Records from a data collection:
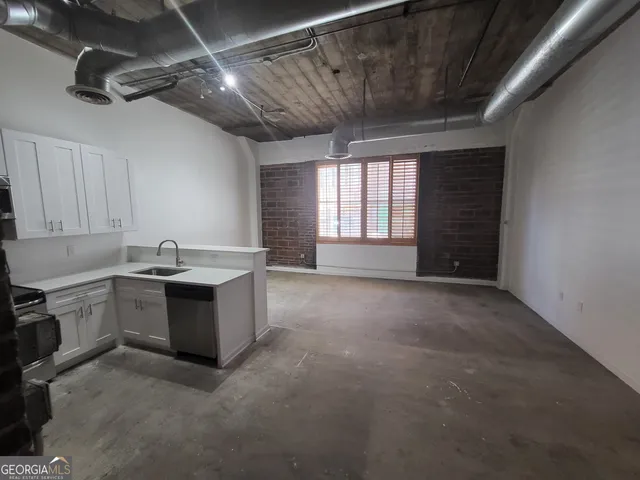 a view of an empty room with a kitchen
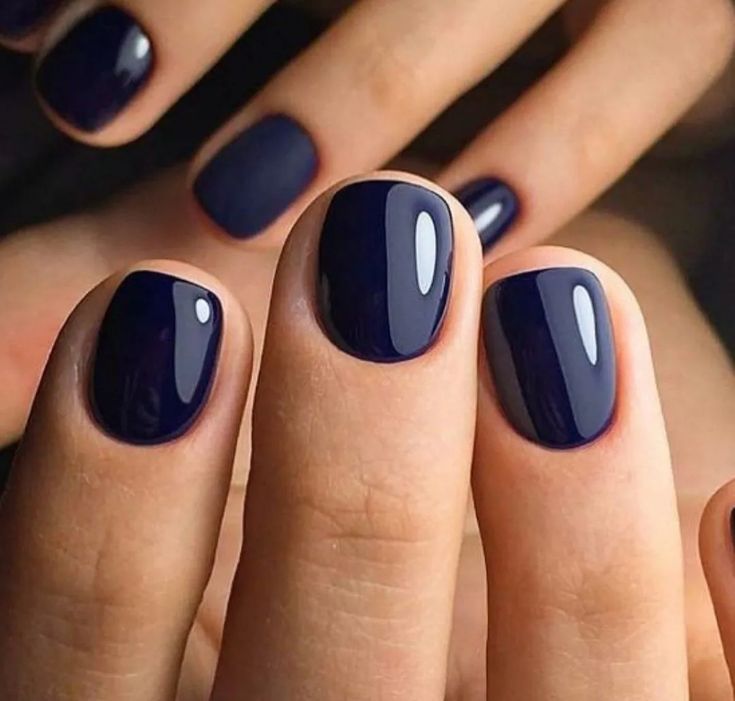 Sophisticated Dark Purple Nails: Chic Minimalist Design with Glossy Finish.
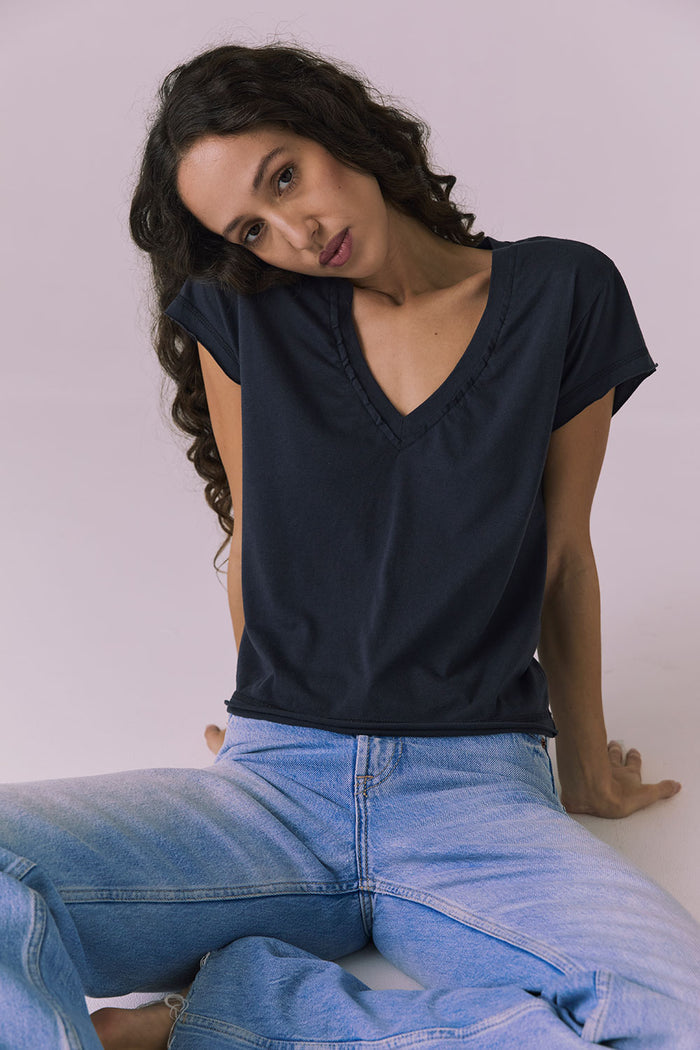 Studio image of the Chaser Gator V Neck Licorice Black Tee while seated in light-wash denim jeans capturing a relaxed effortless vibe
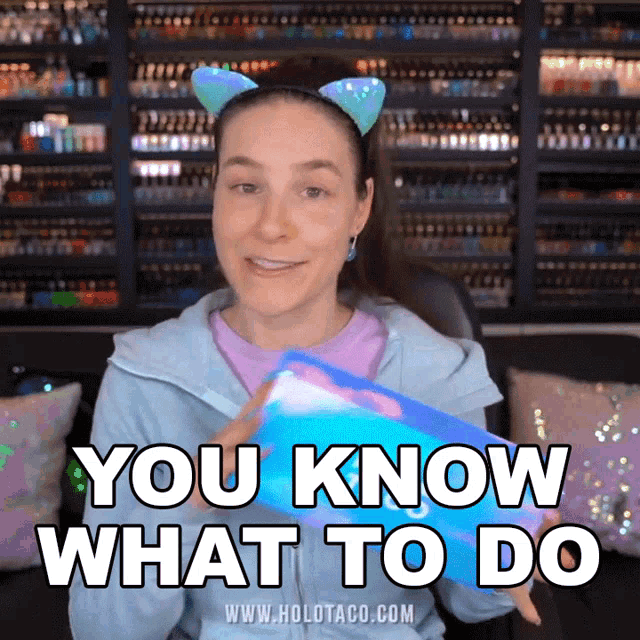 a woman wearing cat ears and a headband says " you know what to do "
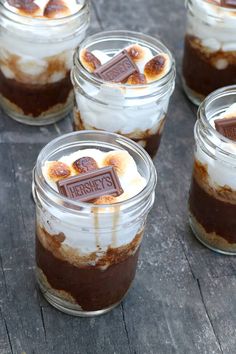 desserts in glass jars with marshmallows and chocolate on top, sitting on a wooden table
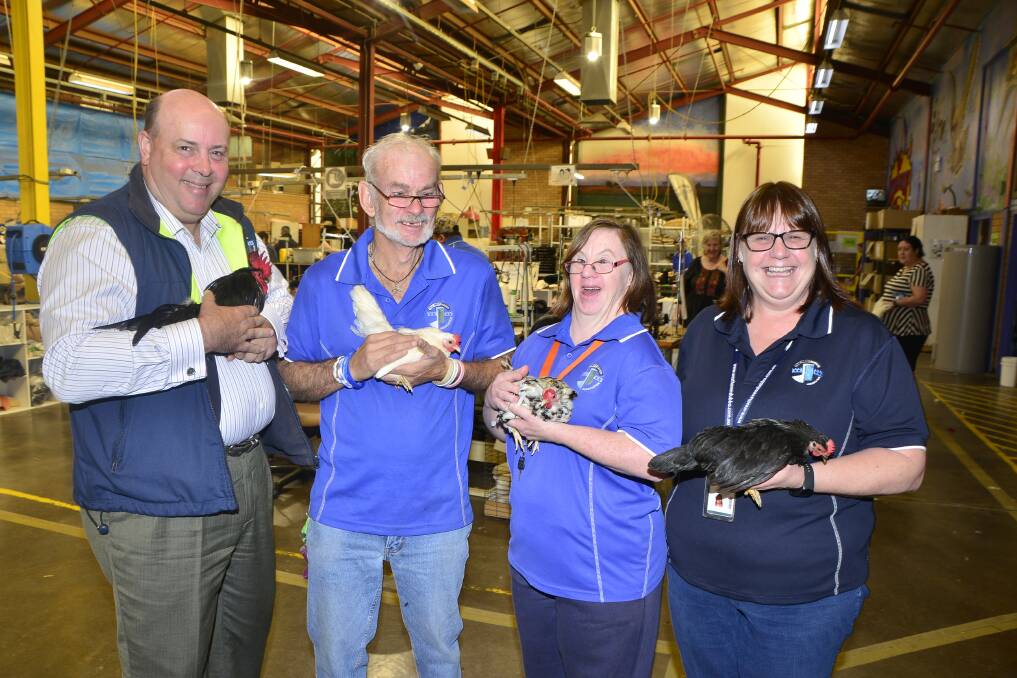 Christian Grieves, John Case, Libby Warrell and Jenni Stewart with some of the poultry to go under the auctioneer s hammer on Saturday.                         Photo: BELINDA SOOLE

* Your instructions: Beginning at the line that contains "Studio image of", copy each remaining line of the records exactly, through the final one. Omit the pictures.

* Written solution:
 Studio image of the Chaser Gator V Neck Licorice Black Tee while seated in light-wash denim jeans capturing a relaxed effortless vibe
 a woman wearing cat ears and a headband says " you know what to do "
 desserts in glass jars with marshmallows and chocolate on top, sitting on a wooden table
 Christian Grieves, John Case, Libby Warrell and Jenni Stewart with some of the poultry to go under the auctioneer s hammer on Saturday.                         Photo: BELINDA SOOLE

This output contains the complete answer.